All people talk about your eyes. If you ask me, that whole "eyes are the windows to the soul" deal is overrated. When I look in your eyes, in moving pictures, in pictures only, never once direct and deeply into them - but I don't see your soul. And some say the camera itself captures and imprisons the soul. If this window theory had a thing to it, you'd think I could see yours. I don't buy the window theory. It seems shallow and venial, somehow, to me. To expect or believe you can catch a glimpse of such universal and intimate human space with one's eyes, even looking into another's. Because if anyone's were ever clear enough! Yours, those are just the most beautiful eyes, in the eyes of many, and celebrated in as many voices. To tell the truth, whatever's behind those blue windows is inscrutable to me. Mysterious, and just a bit thrilling because I'll level with you woman, it's kind of hard to tell when or whether you're putting someone on! You've got that whole cute, earnest but "am I secretly being sarcastic," thing going on? And people talk about your EYES.

I want to talk about your LIPS. But I won't. FUCK! Not at a time such as this. Ashame myself!

I want to talk about your hips, your hair, your smile, your arms - your so many loveliest and ordinary aspects, your so many lovelier and extraordinary ones! All that you are dovetails, doubling back upon itself inextricably in a web of mingled woven light beams and silk, or something similar. I won't have my chance to talk about any of that, or to ever know any of you in passing to the point where my view of you could be worth saying aloud. Words do not fail me, it's simply knowledge and understanding that fail. Your mind is a stained glass candy cathedral with rather sacrilegious, or at the very least irreverent windows. Your body is - what call do I have to say? Your body is the living embodiment of no ideal, but of what you might call an archetype. A lot of people might say: Eve. Not the ideal woman, no: the primal woman. Natural as that, and as close as we'll know of such a living myth, in this age - or so say a lot of people at least. Seriously, they do! Not to your face I am sure, and perhaps not in those exact words, but damn it that's what's being meant.

Zooey, do you know that you have, for a lot of guys, become the archetype of woman mysterious and desirable? And they talk about your EYES!

Well, your eyes are beautiful. Damn your eyes. Damn them straight to heaven. If they tell me that is where your eyes are windows to, I will at least suspend my skepticism for as long as it takes to look into it.

Anyway. It's bullshit all these media types celebrating the celebrity of the downfall of what I know you once knew was love. Where do they get off? And here I am, at best, contributing to it. At worst, I don't even know.
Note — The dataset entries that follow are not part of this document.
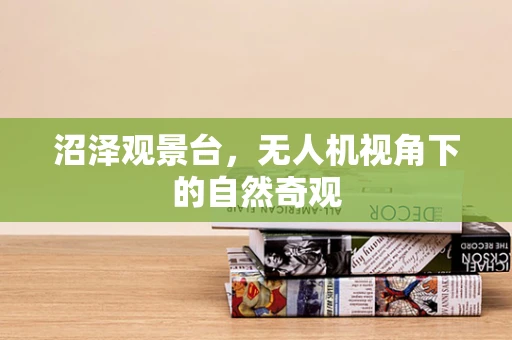 沼泽观景台，无人机视角下的自然奇观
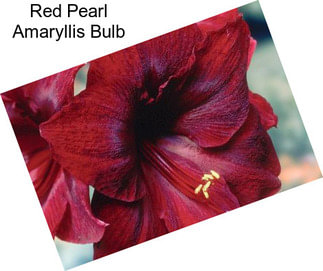Red Pearl Amaryllis Bulb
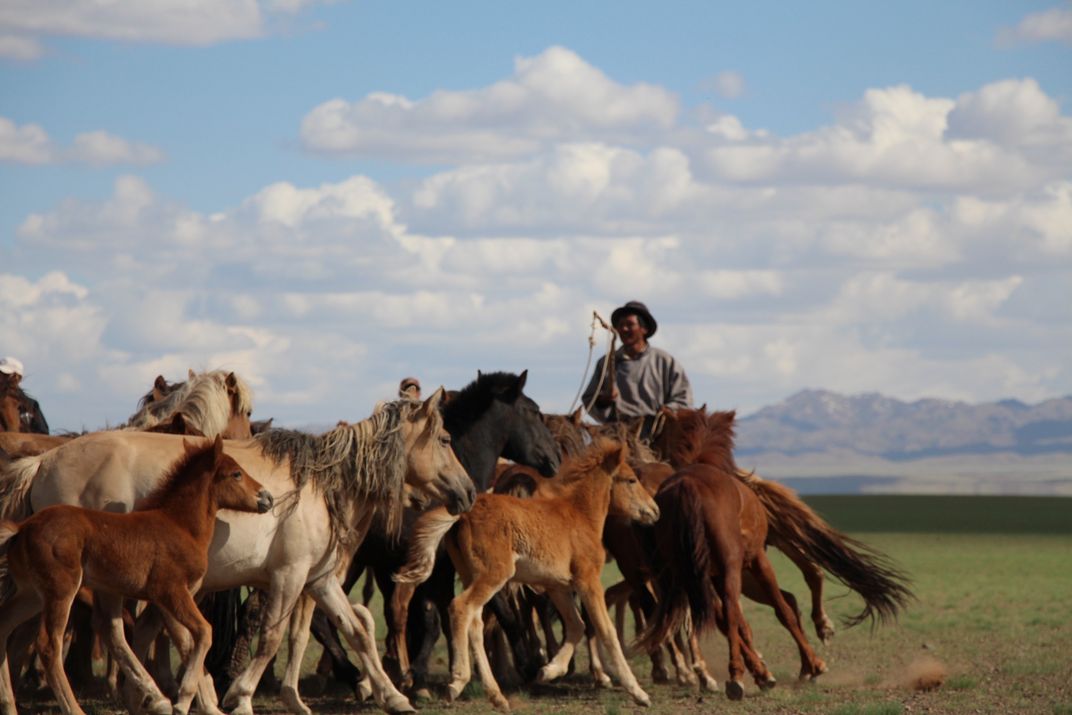 Mongolian Nomad Herding Horses | Smithsonian Photo Contest ...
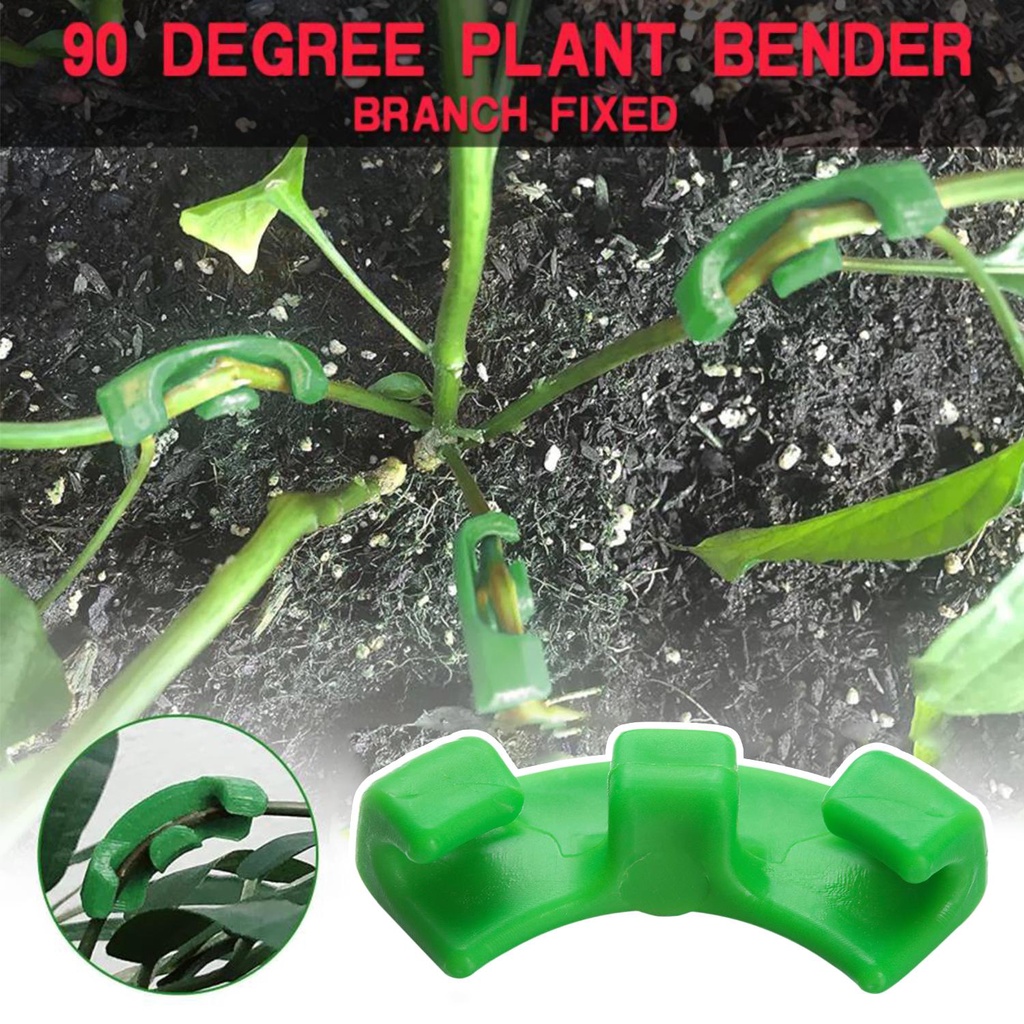 PISTA Set 10 Cành Cây Uốn Cong 90 Độ Không Chứa Chất Nhờn Giúp Giảm Căng Thẳng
And I have no call to give you advice, but I will.

Don't let them win.

Don't ever learn to look on love so cheaply as their cheap hearts and cheaper commentary would make its worth seem. Don't learn lessons, unless in learning and practice, they make you better. In your own eyes.

I'm a pretty big fan of your acting.

Anyway! That's about it from me.

3 comments:

dogimo said...

Don't comment on this fucking shit unless you are ZOOEY DESCHANEL.
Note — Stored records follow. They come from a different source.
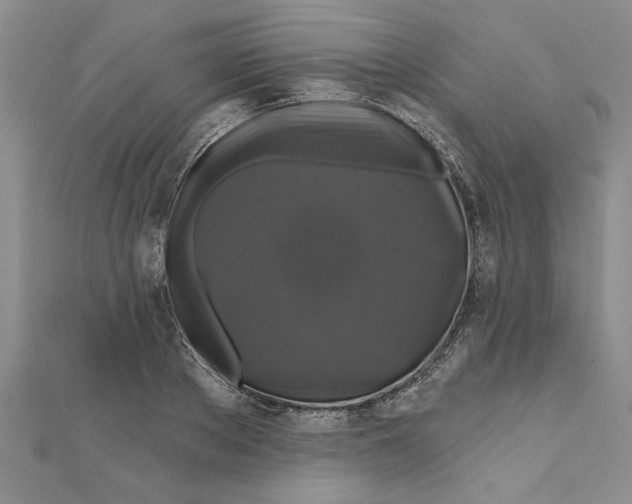 X0000111200889200907291228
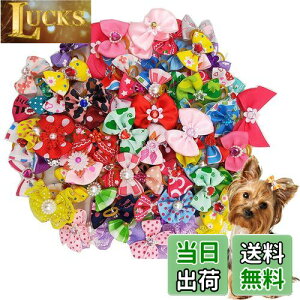 yzKingsie p{ wAoh 20_Zbg ybgp Jt  wAS wAANZT[  A\[g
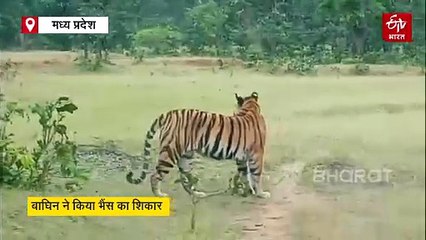 संजय टाइगर रिजर्व में मौसी मां ने किया भैंस का शिकार, ग्रामीणों ने खोई नींद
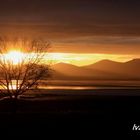 Amanece en Gallocanta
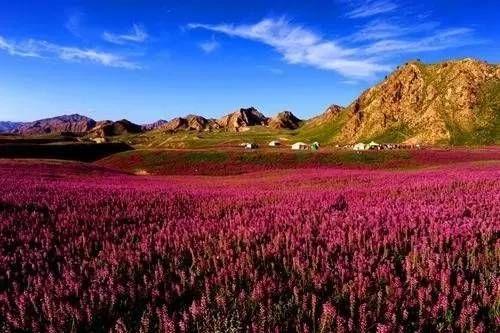 青海这30个绝美景点,你打卡过几个?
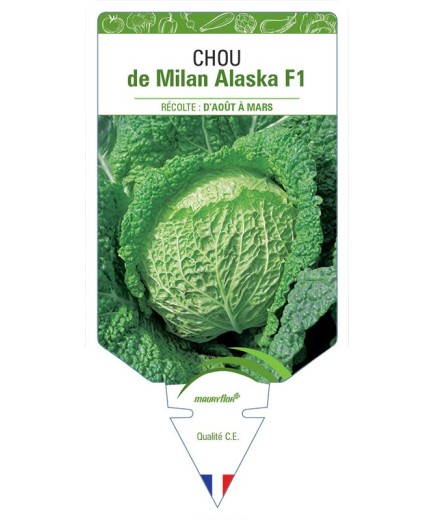 CHOU DE MILAN ALASKA F1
Frankly, it's not our place to comment. It wasn't my place to comment.

Disgusting.

dogimo said...

I originally ended it, "Carry on singing, chickabird." It was a damn sight too presumptuous and familiar. I took it out, but it's a bit sad because I really feel like I ought to be calling Zooey Deschanel "chickabird." Not sure I can explain that one.
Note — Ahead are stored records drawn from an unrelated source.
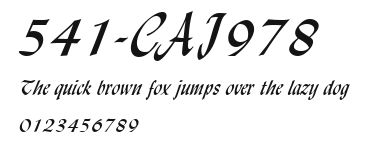 541-CAI978 Preview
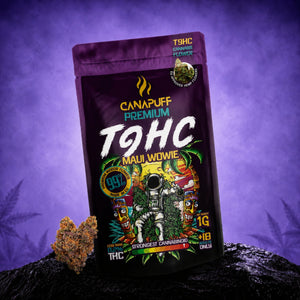 TⳊHC Цветя Maui Wowie 99%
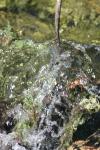 <img100*0:stuff/z/73640/Frio%2520River%2520reference/i1258058756_9.jpg>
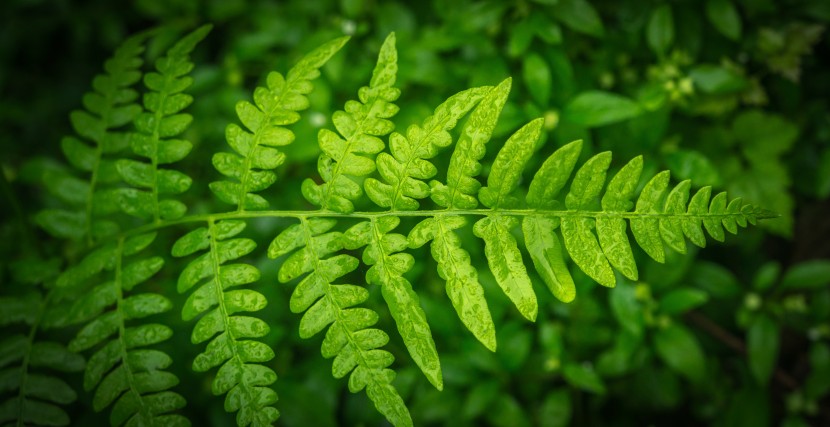 綠色蕨類植物圖片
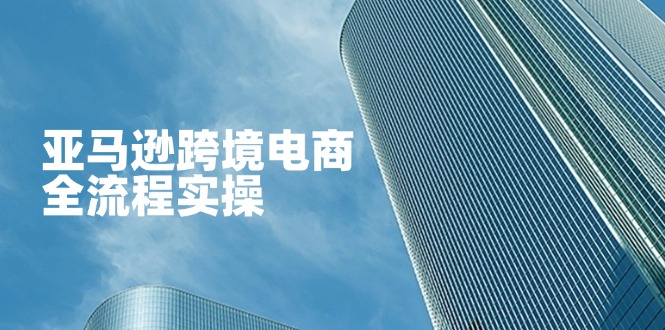 （14252期）亚马逊跨境电商全流程实操，教你从零开始，掌握店铺运营与广告技巧-星舰联盟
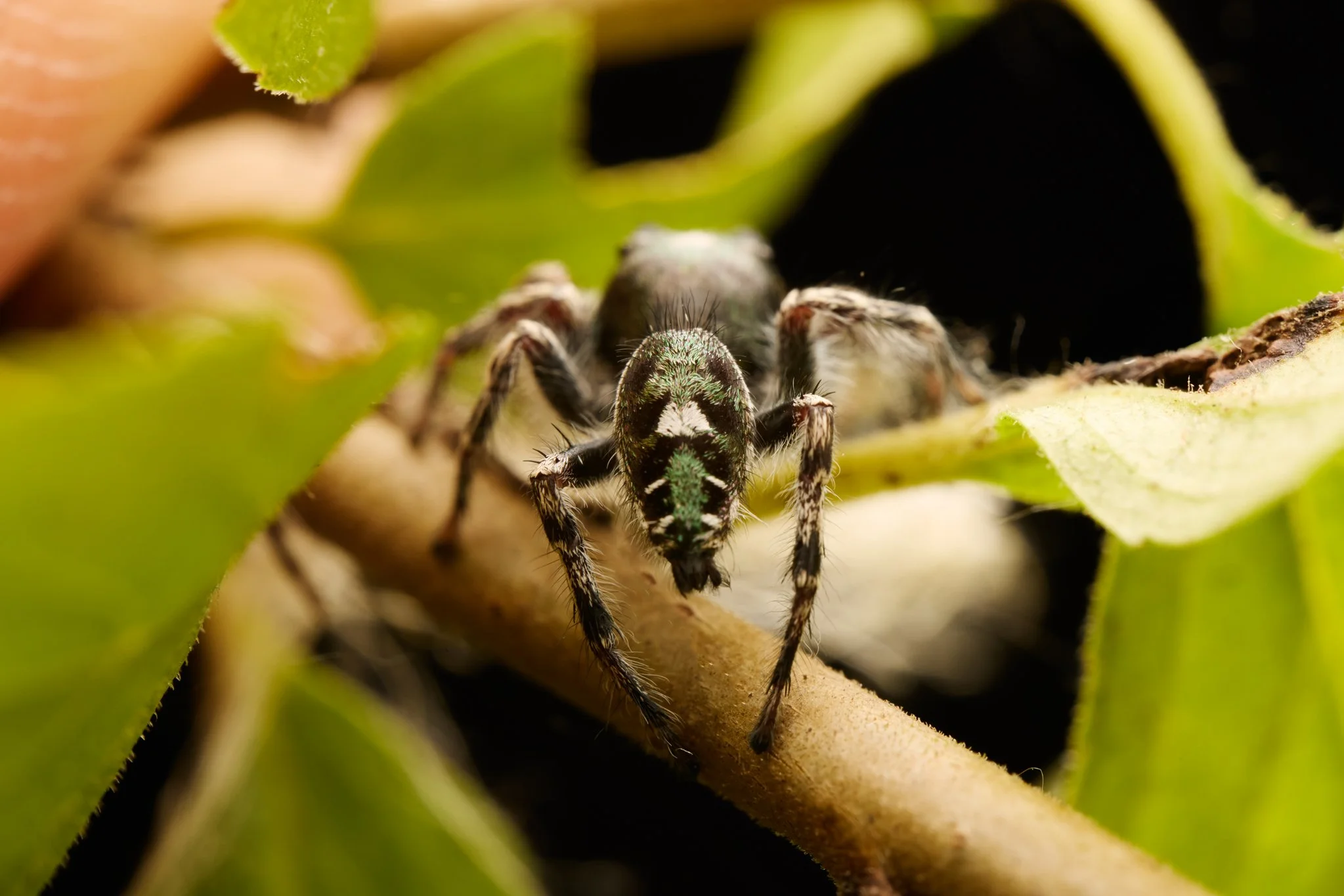PhidippusPutnami_PutnamsJumpingSpider_Male_ANL_3.jpg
It's something about those songbird eyes.

dogimo said...

Oh, OK. Other people besides Zooey Deschanel can comment IF a) you plan to be at least respectful about it, or b) you pretend that you are, in fact, Zooey Deschanel. But if the latter - go easy on me huh?

I don't know the first thing about her personal life, and I sure as dang don't want to hear it from so-called YOU.